2004-01-07 Thread Kent Boogaart
Thanks for your input Shapira and Mike . . . don't get me wrong, I don't
want the servlet spec to change unless it really is wrong in this regard. If
it isn't then I want to know the correct way to deal with the problem.

Sorry for my confusion about the recommended ServletRequestListener solution
- it stems from the fact that this interface was introduced in the 2.4 API.
I am using Tomcat 4.1 which, I understand, only supports the 2.3 API. I
would need Tomcat 5 for such a solution but it is certainly nice to know.

So let's consider the RequestDispatcher. As I mentioned, it is easy enough
for me to get an appropriate instance of RequestDispatcher. The problem is,
in order to include the response, I need an instance of ServletRequest and
ServletResponse:

public void RequestDispatcher.include(ServletRequest request,
ServletResponse response) throws . . .

I obviously don't have these in my indexing class. I considered rolling my
own but how would I implement the getContextPath() method in
HttpServletRequest? I'd be going around in circles.

So what about the ServletContext.getResource(String) option?
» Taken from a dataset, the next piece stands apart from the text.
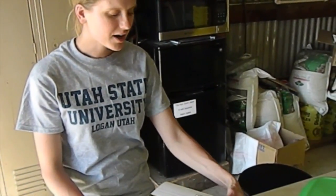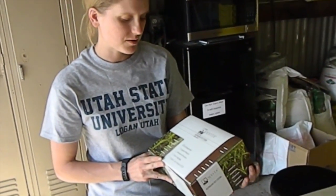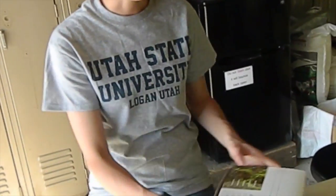Hi, Esther here at the Utah State Kaysville Research Orchard. I'm going to be going over the second part of this video series on soil biological tests. I found that Solvita soil respiration is actually the most accurate, easy test that you can do in the field.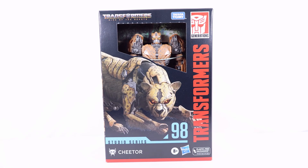Hey everyone, welcome back to this channel. Today I'm going to be taking a look at the Transformers Studio Series 98 Rise of the Beast Voyager Class Cheetor. Let's start off by taking a look at the packaging and then we'll get into the review.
Well, I tried
this and it returns a URL such as:

jndi:/localhost/CONTEXT_PATH/FOLDER1/FOLDER2/NAME.jsp

However, as you'd expect, reading this URL yields the contents of the JSP
rather than the results of executing the JSP. I figured I could somehow
easily translate this URL into a http URL. I looked at the URL(URL context,
String spec) URL constructor but it does not help because of the changing of
protocols.

Of course, I could simply replace the jndi:/ with http://; and then
insert the correct port number - which I have as an env entry :-(  - but I'm
not convinced this is a good idea either.

The only thing I didn't understand in your email was the comment re docBase.
I'm not sure what this is - in particular, are you talking HTML document
base or some other mechanism - can you enlighten me?

Actually I just thought of another argument for supplying deployment
information to the developer - feel free to shoot me down. In my web app I
have a filter called ProtocolFilter. It simply switches the client in and
out of SSL as specified by filter options. In order to perform the switch,
the ports must be known. I currently have these ports defined as env entries
so that the filter (and other code) can pick them up. How else could I
possibly do this?

Thanks again,
Kent


Howdy,

[kb] OK, but how can my app be agnostic of the context path if I need
to do
things like dynamically construct URLs? Why does the need to request a
resource in the same web app constitute a design flaw? Surely this is a
fairly common requirement . . . how else would I index dynamic
resources?
Also, if the web app should be completely agnostic of the context path,
why
does the HttpServletRequest interface define a method to retrieve it?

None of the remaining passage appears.